▸ Exercise: Please print out every entry below, verbatim.

Records from a data source:
_ _ _

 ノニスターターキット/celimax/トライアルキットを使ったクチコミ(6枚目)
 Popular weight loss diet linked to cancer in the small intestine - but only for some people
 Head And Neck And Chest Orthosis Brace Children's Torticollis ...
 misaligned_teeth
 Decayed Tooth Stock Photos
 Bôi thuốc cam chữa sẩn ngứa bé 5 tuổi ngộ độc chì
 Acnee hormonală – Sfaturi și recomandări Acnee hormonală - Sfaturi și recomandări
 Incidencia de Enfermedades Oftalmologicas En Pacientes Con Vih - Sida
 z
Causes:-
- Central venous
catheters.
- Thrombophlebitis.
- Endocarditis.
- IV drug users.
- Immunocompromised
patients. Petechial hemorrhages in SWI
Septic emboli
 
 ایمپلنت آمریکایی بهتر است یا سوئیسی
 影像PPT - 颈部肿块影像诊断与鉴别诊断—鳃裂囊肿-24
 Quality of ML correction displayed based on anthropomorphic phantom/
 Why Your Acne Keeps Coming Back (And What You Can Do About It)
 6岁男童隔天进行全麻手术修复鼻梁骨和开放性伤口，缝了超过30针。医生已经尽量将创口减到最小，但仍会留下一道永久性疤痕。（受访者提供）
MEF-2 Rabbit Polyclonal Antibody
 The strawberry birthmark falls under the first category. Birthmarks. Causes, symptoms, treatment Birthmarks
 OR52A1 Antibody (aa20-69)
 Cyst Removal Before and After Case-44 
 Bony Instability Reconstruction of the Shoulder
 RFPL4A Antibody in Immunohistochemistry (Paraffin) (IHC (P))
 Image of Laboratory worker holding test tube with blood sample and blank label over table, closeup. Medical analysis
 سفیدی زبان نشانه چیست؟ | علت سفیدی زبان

_ _ _

▸ Output for this task:
 ノニスターターキット/celimax/トライアルキットを使ったクチコミ(6枚目)
 Popular weight loss diet linked to cancer in the small intestine - but only for some people
 Head And Neck And Chest Orthosis Brace Children's Torticollis ...
 misaligned_teeth
 Decayed Tooth Stock Photos
 Bôi thuốc cam chữa sẩn ngứa bé 5 tuổi ngộ độc chì
 Acnee hormonală – Sfaturi și recomandări Acnee hormonală - Sfaturi și recomandări
 Incidencia de Enfermedades Oftalmologicas En Pacientes Con Vih - Sida
 z
Causes:-
- Central venous
catheters.
- Thrombophlebitis.
- Endocarditis.
- IV drug users.
- Immunocompromised
patients. Petechial hemorrhages in SWI
Septic emboli
 
 ایمپلنت آمریکایی بهتر است یا سوئیسی
 影像PPT - 颈部肿块影像诊断与鉴别诊断—鳃裂囊肿-24
 Quality of ML correction displayed based on anthropomorphic phantom/
 Why Your Acne Keeps Coming Back (And What You Can Do About It)
 6岁男童隔天进行全麻手术修复鼻梁骨和开放性伤口，缝了超过30针。医生已经尽量将创口减到最小，但仍会留下一道永久性疤痕。（受访者提供）
MEF-2 Rabbit Polyclonal Antibody
 The strawberry birthmark falls under the first category. Birthmarks. Causes, symptoms, treatment Birthmarks
 OR52A1 Antibody (aa20-69)
 Cyst Removal Before and After Case-44 
 Bony Instability Reconstruction of the Shoulder
 RFPL4A Antibody in Immunohistochemistry (Paraffin) (IHC (P))
 Image of Laboratory worker holding test tube with blood sample and blank label over table, closeup. Medical analysis
 سفیدی زبان نشانه چیست؟ | علت سفیدی زبان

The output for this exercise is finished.